- WHAT YOU ARE ASKED TO DO
Every line from the one with "На Мукачівщині внаслідок" through the end of the material below, both ends included, should be transcribed exactly, without pictures.

- DATASET EXTRACT
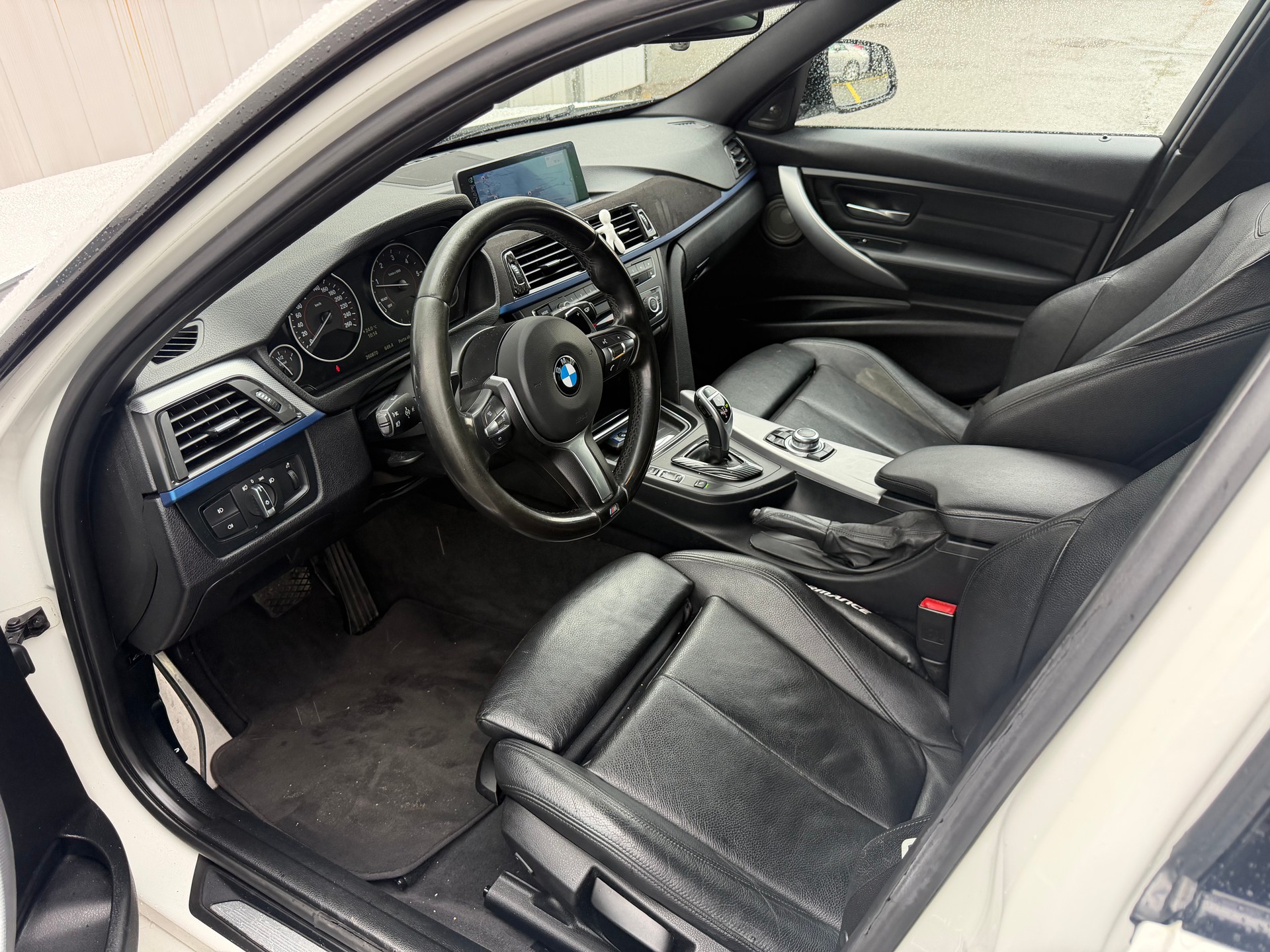 BMW 320d Touring M Paket Steptronic-image-9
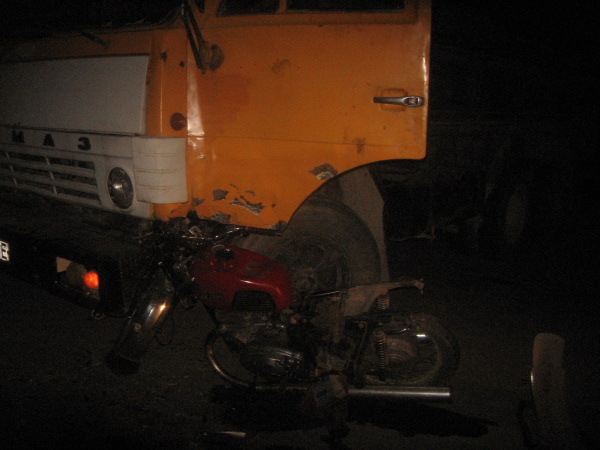 На Мукачівщині внаслідок зіткнення з "Камазом" загинув мотоцикліст 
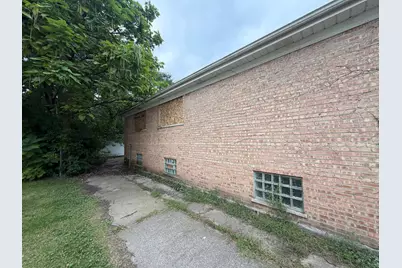 319 154th Place, Calumet City, IL 60409 - Photo 4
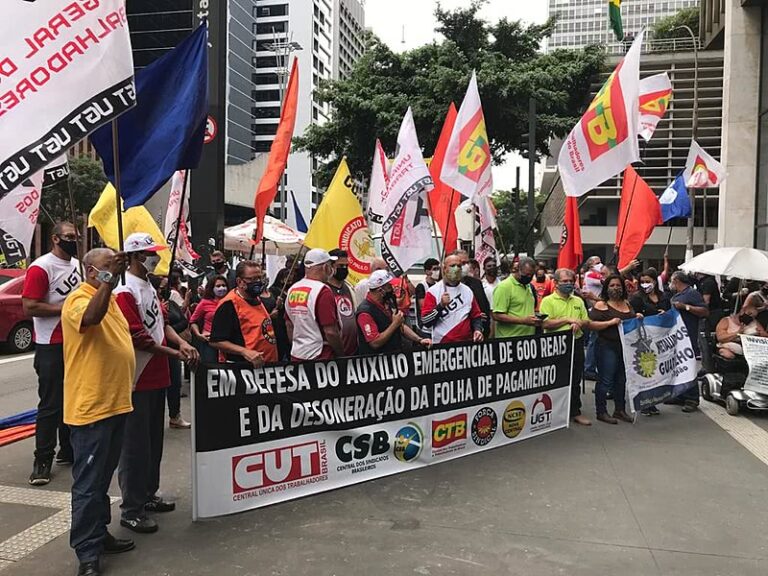 Fotos Publicas Parizotti auxilio emergencial manifestacao centrais sindicais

- EXERCISE SOLUTION
 На Мукачівщині внаслідок зіткнення з "Камазом" загинув мотоцикліст 
 319 154th Place, Calumet City, IL 60409 - Photo 4
 Fotos Publicas Parizotti auxilio emergencial manifestacao centrais sindicais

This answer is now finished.